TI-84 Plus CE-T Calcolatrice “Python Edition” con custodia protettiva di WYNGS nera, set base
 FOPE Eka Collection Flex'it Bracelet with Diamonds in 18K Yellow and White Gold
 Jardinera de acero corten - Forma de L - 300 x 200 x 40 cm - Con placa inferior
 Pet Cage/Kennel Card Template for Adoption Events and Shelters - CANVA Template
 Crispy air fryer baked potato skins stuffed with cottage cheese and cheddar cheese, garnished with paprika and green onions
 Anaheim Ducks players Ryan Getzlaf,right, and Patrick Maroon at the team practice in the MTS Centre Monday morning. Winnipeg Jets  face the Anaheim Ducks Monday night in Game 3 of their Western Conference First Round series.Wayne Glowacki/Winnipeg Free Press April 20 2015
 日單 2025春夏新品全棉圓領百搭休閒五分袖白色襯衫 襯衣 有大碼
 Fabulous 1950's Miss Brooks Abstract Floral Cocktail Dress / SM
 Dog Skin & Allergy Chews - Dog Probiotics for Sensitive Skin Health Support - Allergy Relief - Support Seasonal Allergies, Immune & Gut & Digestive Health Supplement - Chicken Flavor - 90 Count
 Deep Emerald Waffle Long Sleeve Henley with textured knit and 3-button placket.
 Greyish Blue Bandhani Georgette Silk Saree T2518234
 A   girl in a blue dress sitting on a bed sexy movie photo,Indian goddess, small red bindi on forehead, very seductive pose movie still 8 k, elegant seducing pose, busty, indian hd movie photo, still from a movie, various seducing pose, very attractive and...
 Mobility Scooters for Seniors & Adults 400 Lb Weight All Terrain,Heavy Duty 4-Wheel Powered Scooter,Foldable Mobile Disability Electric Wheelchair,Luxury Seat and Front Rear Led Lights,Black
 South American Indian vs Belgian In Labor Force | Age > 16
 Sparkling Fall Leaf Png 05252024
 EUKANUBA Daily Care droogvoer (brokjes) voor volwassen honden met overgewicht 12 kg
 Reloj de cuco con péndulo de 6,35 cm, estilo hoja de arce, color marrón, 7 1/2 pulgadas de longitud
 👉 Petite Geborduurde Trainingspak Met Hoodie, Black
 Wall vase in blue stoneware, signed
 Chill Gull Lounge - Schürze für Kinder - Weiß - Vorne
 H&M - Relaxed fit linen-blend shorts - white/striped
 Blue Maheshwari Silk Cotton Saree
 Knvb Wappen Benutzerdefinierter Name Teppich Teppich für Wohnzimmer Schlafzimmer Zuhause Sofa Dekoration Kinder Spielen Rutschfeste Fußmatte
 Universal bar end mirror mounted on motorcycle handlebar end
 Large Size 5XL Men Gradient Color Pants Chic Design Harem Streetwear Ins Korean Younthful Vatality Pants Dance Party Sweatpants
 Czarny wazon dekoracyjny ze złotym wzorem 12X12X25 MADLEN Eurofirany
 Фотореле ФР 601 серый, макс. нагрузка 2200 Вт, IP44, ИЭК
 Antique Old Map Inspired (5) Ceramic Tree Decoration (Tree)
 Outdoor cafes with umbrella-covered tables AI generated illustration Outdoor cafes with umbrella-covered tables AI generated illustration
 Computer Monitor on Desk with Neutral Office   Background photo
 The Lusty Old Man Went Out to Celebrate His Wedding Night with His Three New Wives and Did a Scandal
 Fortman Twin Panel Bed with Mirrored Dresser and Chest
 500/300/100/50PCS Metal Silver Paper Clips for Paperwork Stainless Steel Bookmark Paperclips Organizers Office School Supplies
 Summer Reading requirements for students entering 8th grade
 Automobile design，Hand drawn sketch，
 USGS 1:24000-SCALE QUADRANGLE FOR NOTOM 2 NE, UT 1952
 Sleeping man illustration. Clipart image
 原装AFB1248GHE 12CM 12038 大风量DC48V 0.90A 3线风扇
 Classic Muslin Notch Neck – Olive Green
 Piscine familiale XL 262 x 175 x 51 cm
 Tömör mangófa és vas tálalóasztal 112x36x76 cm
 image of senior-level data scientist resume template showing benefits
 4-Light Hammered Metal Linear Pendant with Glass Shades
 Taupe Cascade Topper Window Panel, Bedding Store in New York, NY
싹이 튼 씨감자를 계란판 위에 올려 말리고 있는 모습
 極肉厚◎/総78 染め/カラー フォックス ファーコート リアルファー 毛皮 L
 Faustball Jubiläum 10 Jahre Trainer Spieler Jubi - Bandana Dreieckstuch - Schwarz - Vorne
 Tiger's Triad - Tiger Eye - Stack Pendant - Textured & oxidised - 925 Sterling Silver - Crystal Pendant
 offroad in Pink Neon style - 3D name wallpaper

* * *

Look above for the line containing "The Lusty Old". Output from there through the line containing "USGS 1:24000-SCALE QUADRANGLE", exactly and inclusively.

→ TASK OUTPUT:
 The Lusty Old Man Went Out to Celebrate His Wedding Night with His Three New Wives and Did a Scandal
 Fortman Twin Panel Bed with Mirrored Dresser and Chest
 500/300/100/50PCS Metal Silver Paper Clips for Paperwork Stainless Steel Bookmark Paperclips Organizers Office School Supplies
 Summer Reading requirements for students entering 8th grade
 Automobile design，Hand drawn sketch，
 USGS 1:24000-SCALE QUADRANGLE FOR NOTOM 2 NE, UT 1952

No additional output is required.